Royce Mitchell III wrote:
I managed to shave off another comparison in favor of a shift:
If aiming for maximum speed, wouldn't something like the following be even faster? Note that I was to lazy to time it, but as it now contains not a single conditional jump I suspect it could compare favorable. Another thing to keep in mind is that this version should be constant time irrespective of input, while the version with conditional jumps likely would vary (quite a lot?) depending on the bit-patterns of the input.
On the other hand this code is, if possible, even harder to parallelize to make simultaneous use of multiple pipes (simultaneous paths of execution, for super-scalar CPU's). I suspect introducing yet another temporary, probably for (i&0xf), and interleave use of that one with the real i could make pairable instructions possible.
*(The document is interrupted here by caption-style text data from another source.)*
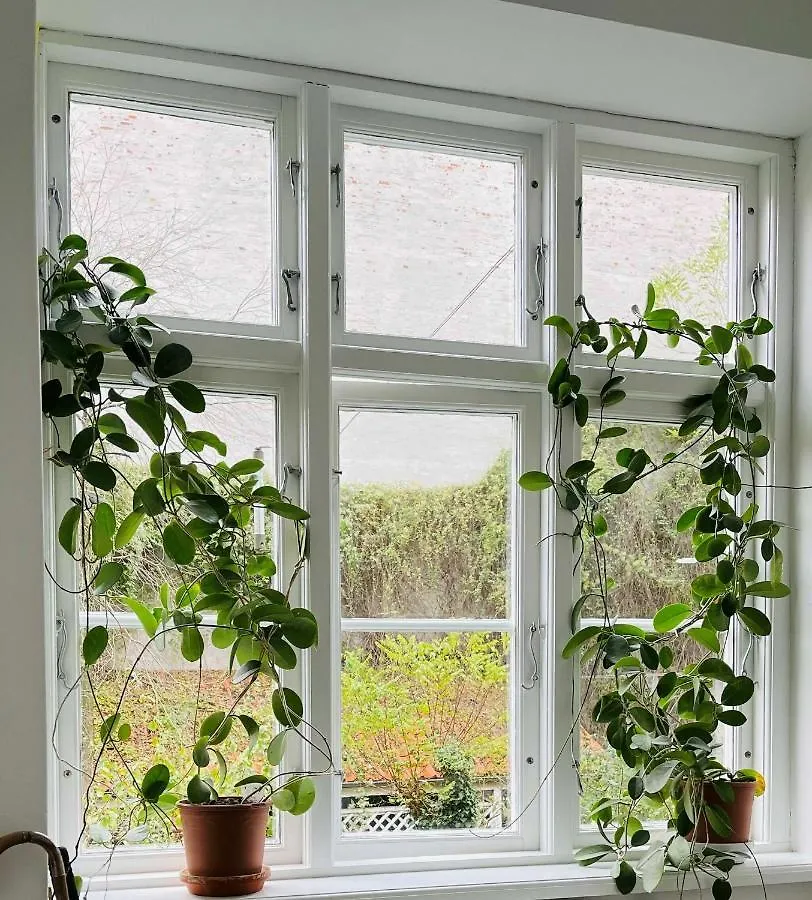 Apartmentincopenhagen Apartment 1466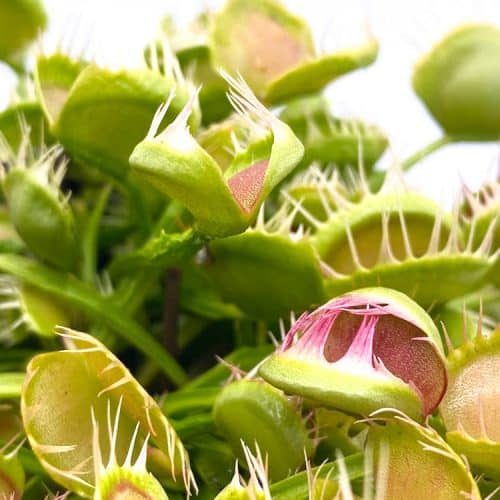 Yvb4tdchNFJFJKK3t1rL.jpg Yvb4tdchNFJFJKK3t1rL.jpg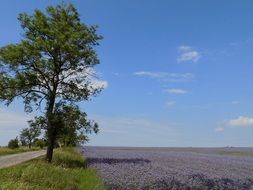 flowering field in summer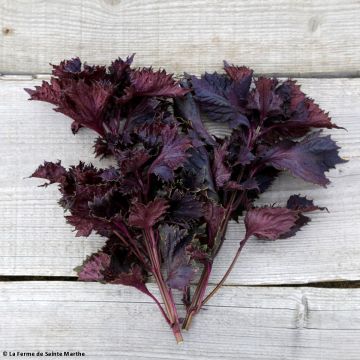 Perilla roja Bio - Ferme de Sainte-Marthe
As "ret" would then become a synchronization point, perhaps addition of a ret2 used by mentioned temporary, and only adding ret and ret2 at the point of return could help that.
Another thing to possibly look into could be to hold the now constant values used for comparison (0xffff, 0xff, ...) in a register and shift that too - to remove the register loads from memory (that is, assuming a shift operation indeed is faster than a memory-read, even if from L1 cache).
Combining these ideas might however be a bad idea on the Z80-on-stereoids called IA32, where there actually doesn't exist a single GPR, and the actual usable register count is lower than the amount of toes on any healthy parrot. :-)
int highest_bit(unsigned int i) { int temp; int ret = 0; temp = i > 0xffff; i >>= 16*temp; ret = 16*temp; temp = i > 0xff; i >>= 8*temp; ret += 8*temp; temp = i > 0xf; i >>= 4*temp; ret += 4*temp; temp = i > 0x3; i >>= 2*temp; ret += 2*temp; ret += (i>>1); return ret; }
/Mike